------ INFORMATION PROVIDED
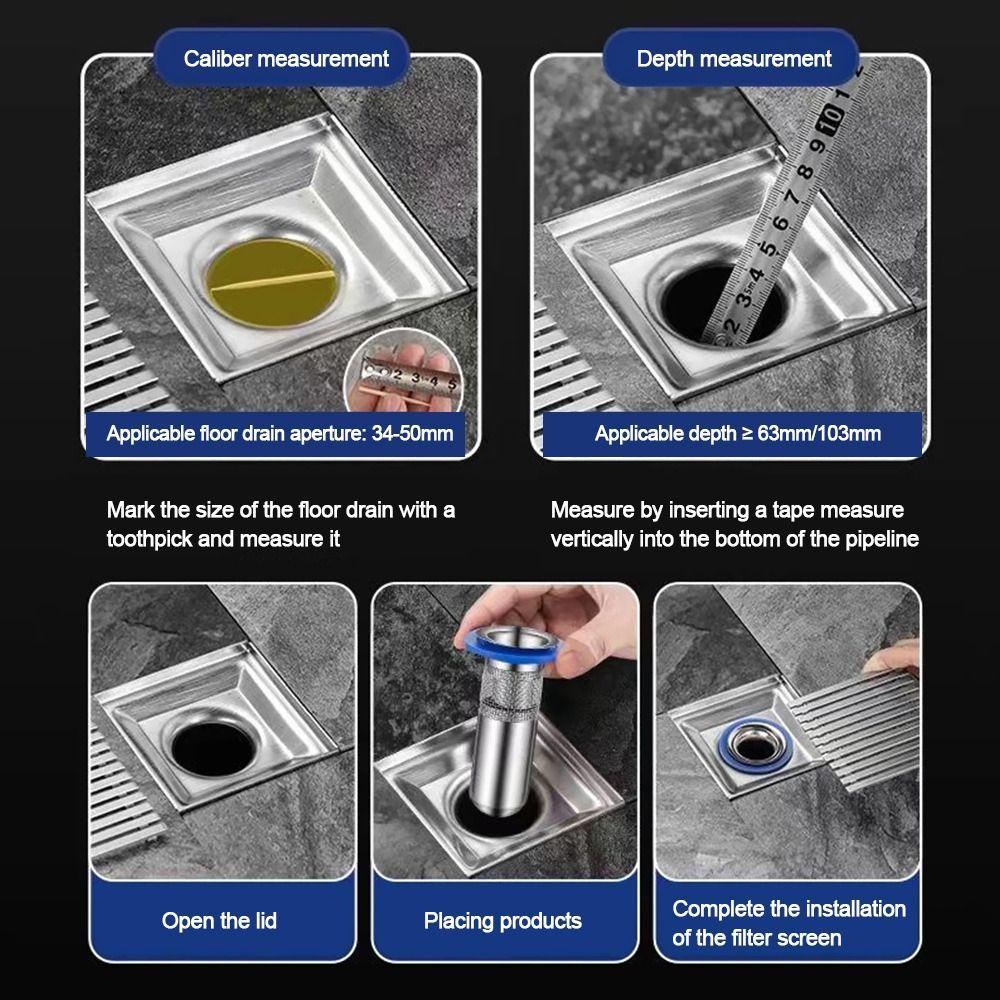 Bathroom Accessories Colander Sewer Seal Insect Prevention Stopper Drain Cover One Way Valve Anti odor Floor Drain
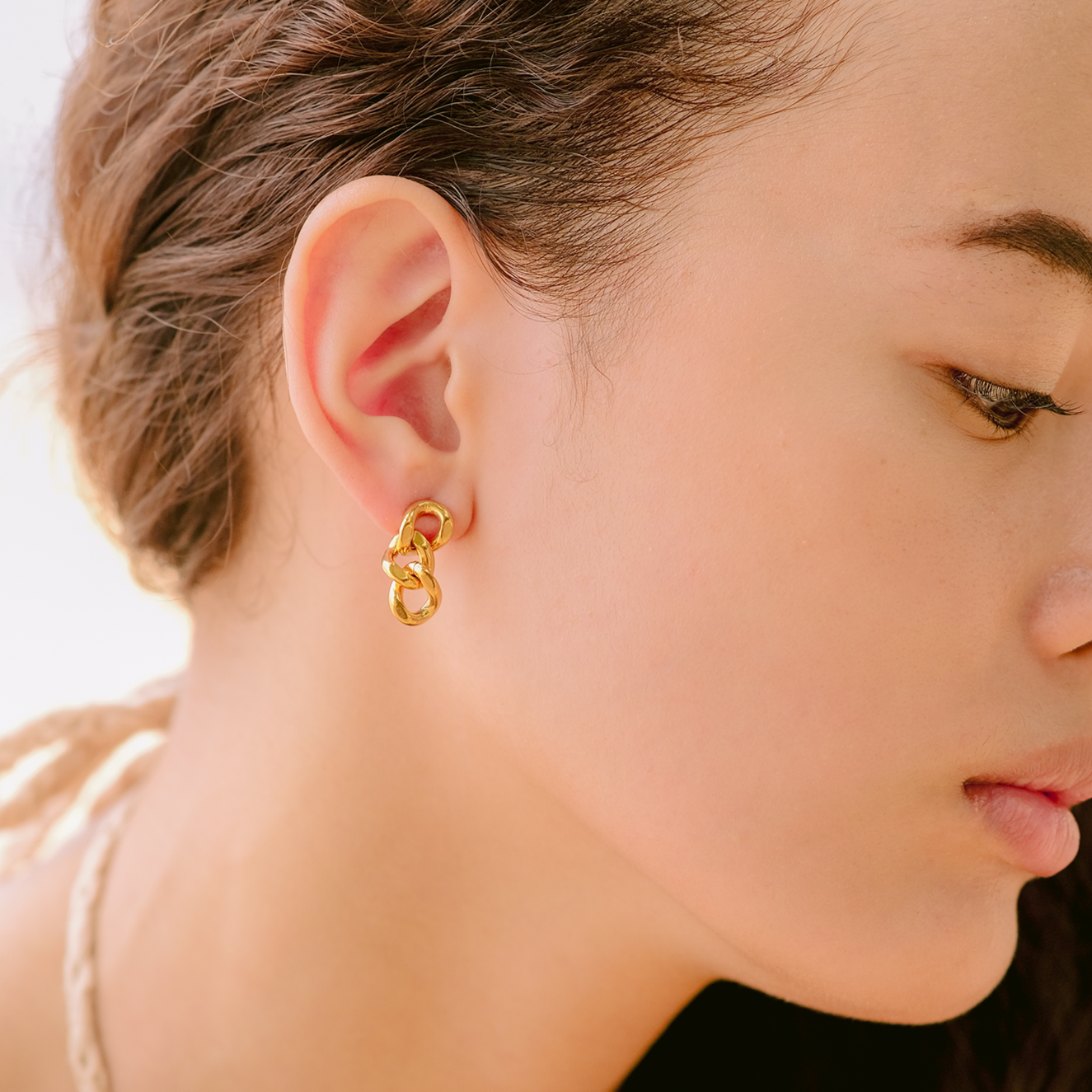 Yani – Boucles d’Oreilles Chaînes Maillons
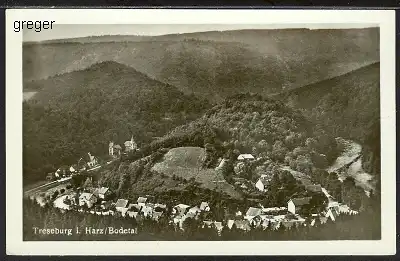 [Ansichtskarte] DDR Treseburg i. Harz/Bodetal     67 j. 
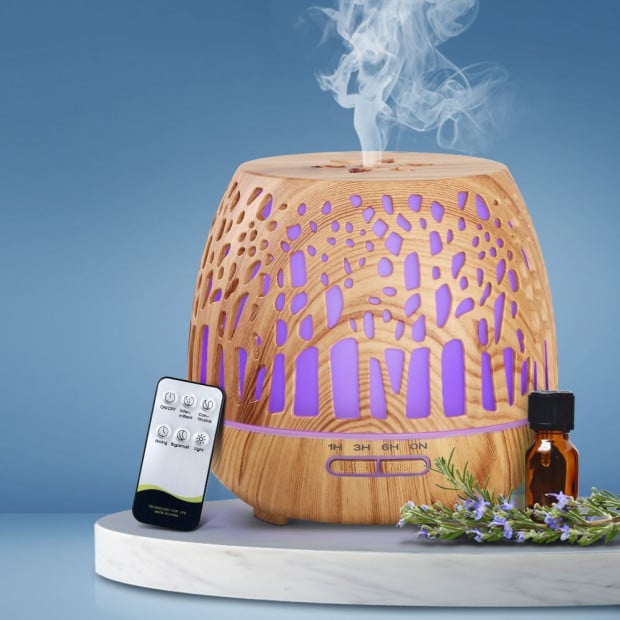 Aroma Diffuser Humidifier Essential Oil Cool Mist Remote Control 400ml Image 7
------------
WHAT TO DO
Please set the data above down exactly, with the pictures removed.

FINAL ANSWER
 Bathroom Accessories Colander Sewer Seal Insect Prevention Stopper Drain Cover One Way Valve Anti odor Floor Drain
 Yani – Boucles d’Oreilles Chaînes Maillons
 [Ansichtskarte] DDR Treseburg i. Harz/Bodetal     67 j. 
 Aroma Diffuser Humidifier Essential Oil Cool Mist Remote Control 400ml Image 7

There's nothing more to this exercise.